→ STORED DATA
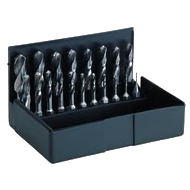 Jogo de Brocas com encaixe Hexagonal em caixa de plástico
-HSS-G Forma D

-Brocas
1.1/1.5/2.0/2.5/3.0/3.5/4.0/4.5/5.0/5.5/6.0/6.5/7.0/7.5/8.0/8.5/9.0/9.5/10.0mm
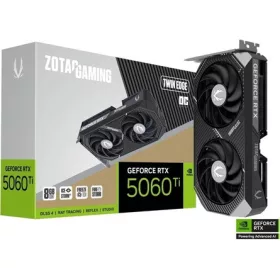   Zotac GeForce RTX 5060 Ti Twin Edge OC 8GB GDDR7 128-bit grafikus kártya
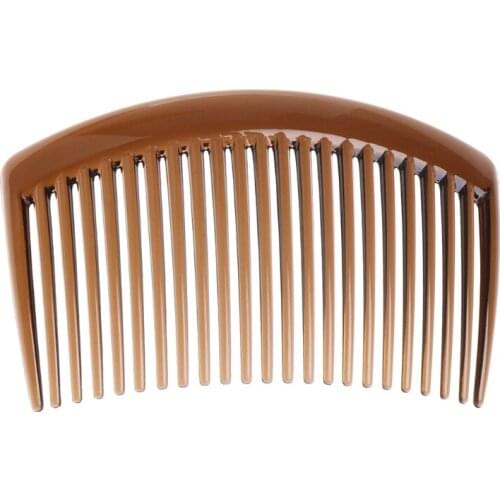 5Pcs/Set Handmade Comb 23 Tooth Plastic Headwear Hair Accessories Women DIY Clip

--

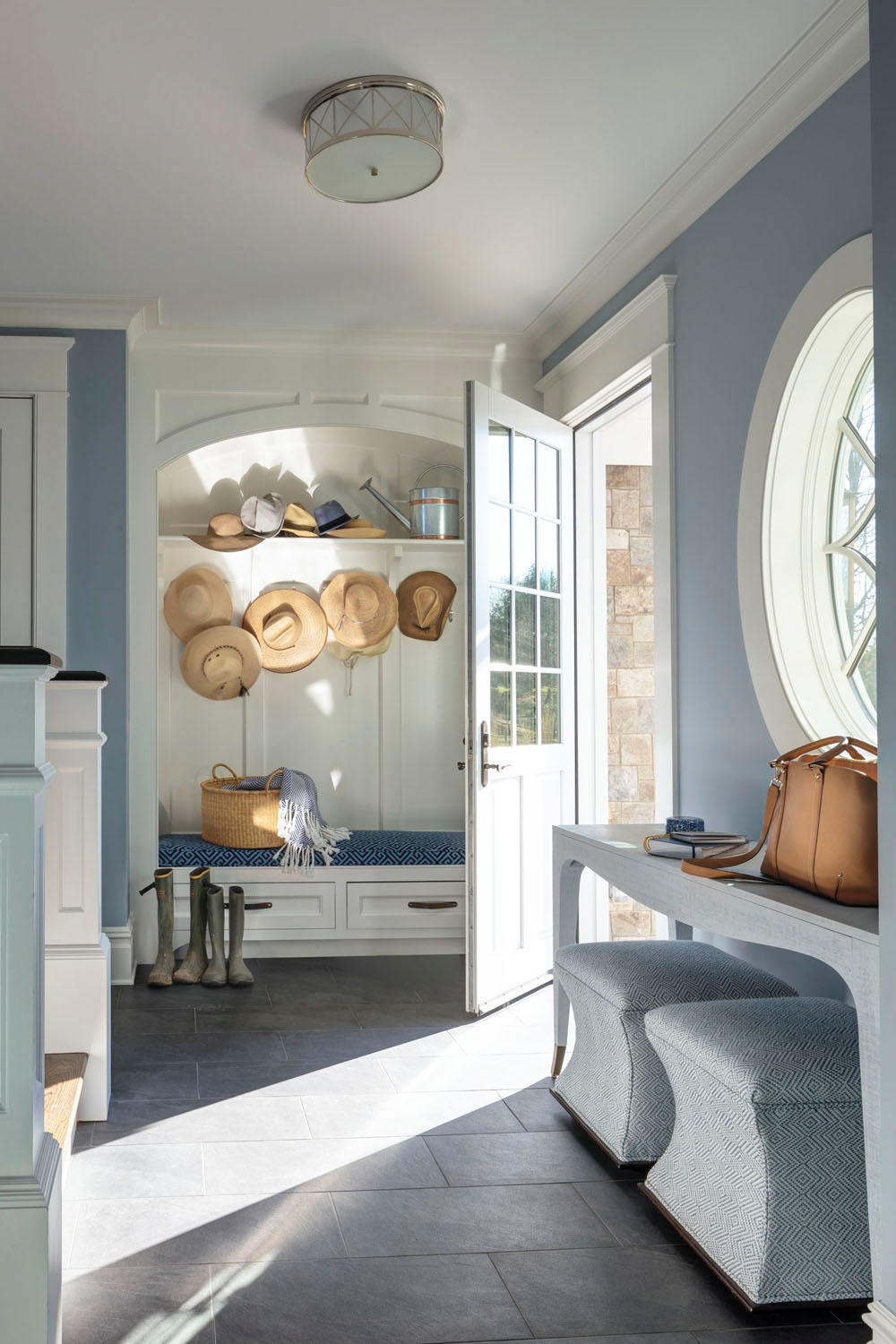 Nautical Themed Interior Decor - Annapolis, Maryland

→ REQUIRED WORK
Within the material above, find the part that opens with the line containing "Jogo de Brocas" and closes with the line containing "5Pcs/Set Handmade Comb", and reproduce it exactly without the pictures.

→ SOLUTION FOR THIS PROBLEM
 Jogo de Brocas com encaixe Hexagonal em caixa de plástico
-HSS-G Forma D

-Brocas
1.1/1.5/2.0/2.5/3.0/3.5/4.0/4.5/5.0/5.5/6.0/6.5/7.0/7.5/8.0/8.5/9.0/9.5/10.0mm
   Zotac GeForce RTX 5060 Ti Twin Edge OC 8GB GDDR7 128-bit grafikus kártya
 5Pcs/Set Handmade Comb 23 Tooth Plastic Headwear Hair Accessories Women DIY Clip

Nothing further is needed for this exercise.